GPFS is also a file management system, and IBM believes the technology distinguishes itself from other clustered file systems by providing concurrent, high-speed file access to applications executing across a wide range of server nodes. The key capabilities of GPFS include storage management, information life cycle management tools, centralized administration and shared access to file systems from remote GPFS clusters.

Please note that while GPFS typically deals with "unstructured" (i.e., for the most part file) data, according to an IBM white paper, GPFS also supports relational databases with structured data that support mission critical online transaction processing systems (OLTP). That is an important point since such environments are block-based, not file based. Although there are probably a number of OLTP applications that will never submit to running under a file system, many more could fall under a file system's control. That issue has been recognized, but never really emphasized, by the industry for a long time.

IBM is using GPFS as a key building block in other technology offerings. For example, GPFS is at the heart of the company's SoFS (Scale out File Services), which can be used to provide the scalability that has hampered NAS deployments in the past. SoFS also incorporates a number of other technologies, such Tivoli Storage Manager, Tivoli Hierarchical Storage Manager and Samba. 

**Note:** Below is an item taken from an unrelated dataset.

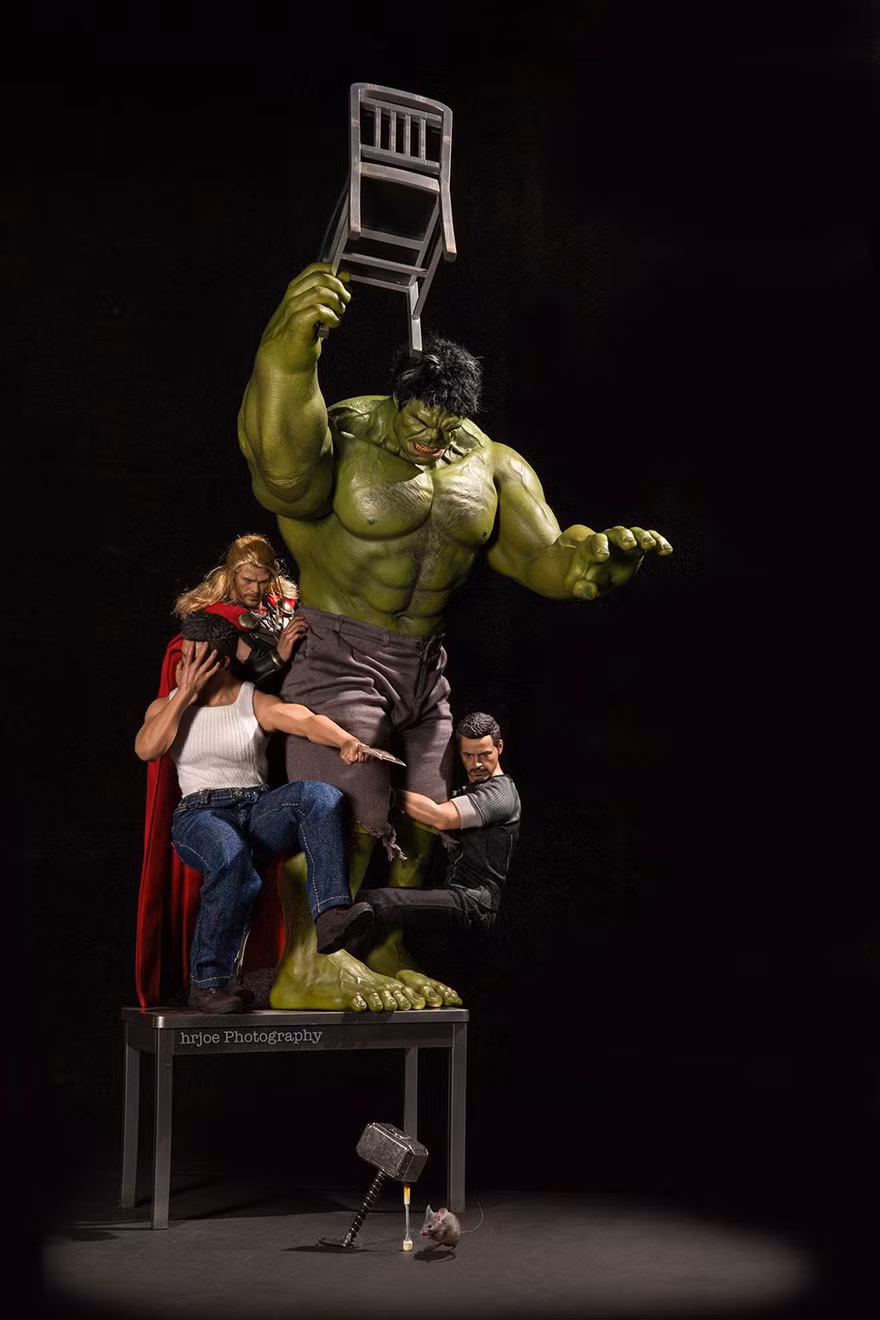 Tưởng chừng các siêu anh hùng không sợ bất cứ một thứ gì nhưng có vẻ họ cũng giống chúng ta: sợ chuột. Họ có một cách bẫy chuột khá hay, dùng búa của Thần Sấm Thor.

But so what? Why revisit existing technologies? Well, most of the data explosion that companies are creating is file data. That data has to be managed effectively And GPFS can serve as the foundation solution for the following reasons:

    * A true global name space capability has to be put in place to eliminate islands of data that can cripple or even prevent user access to information, as well as the ability to integrate and analyze distributed pieces of information.
    * The technology has to scale to manage what was once considered an unimaginable amount of data -- a petabyte (PB). IBM pointed out that when operating at this scale that 20% of the resources, such as disks or interconnects, might well be unavailable at any one time. That is shocking to think about in what, by definition, must be a high availability (HA) world. But the unavailability of resources does not mean that the user should notice any impact. That comes about through transparent failover from failed components to working components as well as the ability to clean up over time using self-healing capabilities.
    * High speed scanning is necessary for backup, archiving, replication, and other functions.
    * Management requires the effective management of metadata as well as data. Files have useful metadata; blocks have extremely limited metadata. Managing an information infrastructure optimally requires intelligence (i.e., software that can make decisions based upon policy), but that intelligence needs something from which to make its decisions, that is metadata.